{Originally posted to the JNS website}
As the region absorbs the details of the Trump administration’s peace plan proposal to tackle the ongoing Israeli-Palestinian conflict, the Israel Defense Forces took the preemptive step of moving an infantry battalion to the Jordan Valley on Tuesday, giving the military an added layer of flexibility to deal with a range of possible scenarios.
While few in Israel expect a major escalation to follow Trump’s announcement, the Israel Defense Forces is conducting ongoing situation assessments to keep its finger on the pulse. The Israeli defense establishment is preparing to study the details of the proposal closely to see what conclusions can be drawn in terms of potential security ramifications.
The IDF’s preparations also include stepped-up intelligence gathering in the West Bank and conducting dialogue with a variety a variety of influential elements in the area. IDF Chief of Staff Lt. Gen.
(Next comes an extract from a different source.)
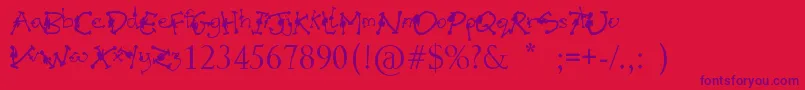 AlienMutationsBegin Font – Purple Fonts on Red Background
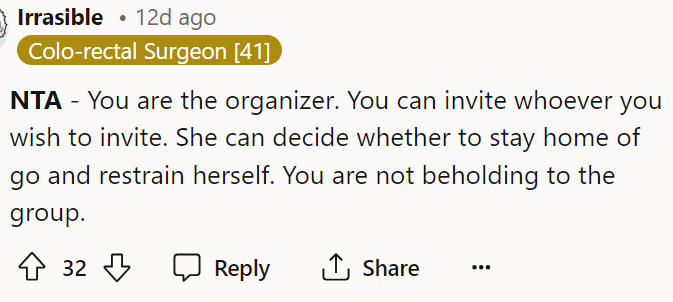 We agree with this comment so much, and we feel like they said exactly what they needed to say to help OP understand she's not in the wrong here.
Aviv Kochavi completed a tour of the West Bank on Tuesday afternoon together with Defense Minister Naftali Bennett.
Col. (res.) Moshe Elad, one of the founders of the security coordination between the IDF and the Palestinian Authority, told JNS that he doubted any significant ignition of popular violence was about to occur, and that sporadic demonstrations were more likely.
“I believe that the Palestinian public of 2020 is not the same as it was during the first intifada in 1987, and certainly not like it was in subsequent escalations,” said Elad, a lecturer at the Western Galilee College. “The Palestinians are still angry at the State of Israel, but they’re also looking at Gaza; they see the conditions there, and they do not want to reach that. The conditions for them are good, and they fear closures and disorder disrupting their lives.”
As a result, Elad assessed, the most likely scenario is that of demonstrations and localized disruption that do not develop into massive eruptions of violence.
Palestinian anger at the proposal will stretch across the board, said Elad. “They will never agree to this. They perceive it as a very pro-Israeli proposal.”
The Palestinian leadership in the West Bank had assumed that future talks would resume where past talks—such as the Abbas-Olmert negotiations or the 2000 Barak-Clinton proposals—left off, based on the idea of establishing a state roughly on the 1967 Green Line borders with eastern Jerusalem as its capital, a symbolic return of refugees and Israel receiving three main settlement blocs.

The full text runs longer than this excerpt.